Instructions for the task:
What you give back must match the records below exactly, apart from the pictures, which are omitted.

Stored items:
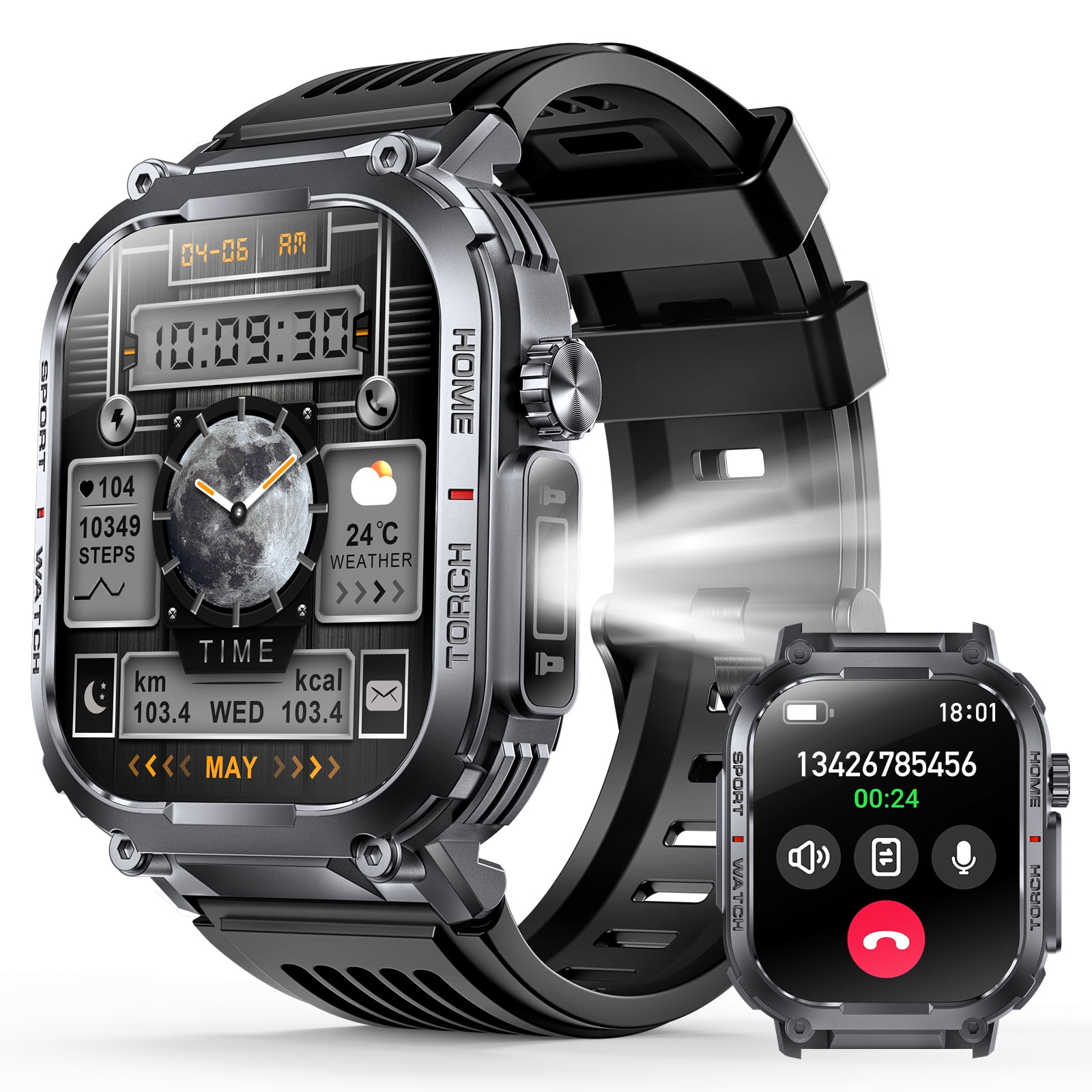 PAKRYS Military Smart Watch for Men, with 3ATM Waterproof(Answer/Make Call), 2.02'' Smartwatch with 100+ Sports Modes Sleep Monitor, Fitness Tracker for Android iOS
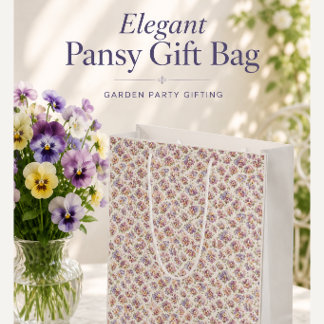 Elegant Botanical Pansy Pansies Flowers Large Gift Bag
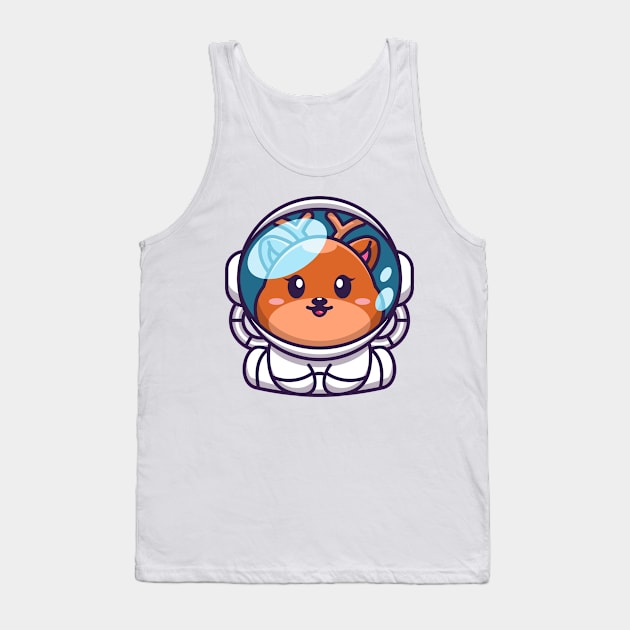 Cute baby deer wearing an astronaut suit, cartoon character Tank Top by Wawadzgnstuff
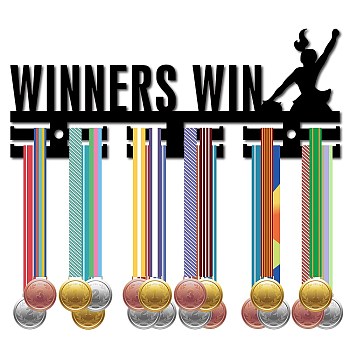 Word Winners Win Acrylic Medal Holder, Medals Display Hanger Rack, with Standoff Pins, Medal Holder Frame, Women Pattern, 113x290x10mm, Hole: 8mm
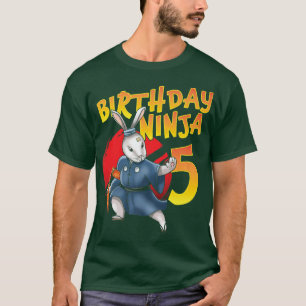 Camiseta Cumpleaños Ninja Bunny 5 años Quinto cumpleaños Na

Exercise solution:
 PAKRYS Military Smart Watch for Men, with 3ATM Waterproof(Answer/Make Call), 2.02'' Smartwatch with 100+ Sports Modes Sleep Monitor, Fitness Tracker for Android iOS
 Elegant Botanical Pansy Pansies Flowers Large Gift Bag
 Cute baby deer wearing an astronaut suit, cartoon character Tank Top by Wawadzgnstuff
 Word Winners Win Acrylic Medal Holder, Medals Display Hanger Rack, with Standoff Pins, Medal Holder Frame, Women Pattern, 113x290x10mm, Hole: 8mm
 Camiseta Cumpleaños Ninja Bunny 5 años Quinto cumpleaños Na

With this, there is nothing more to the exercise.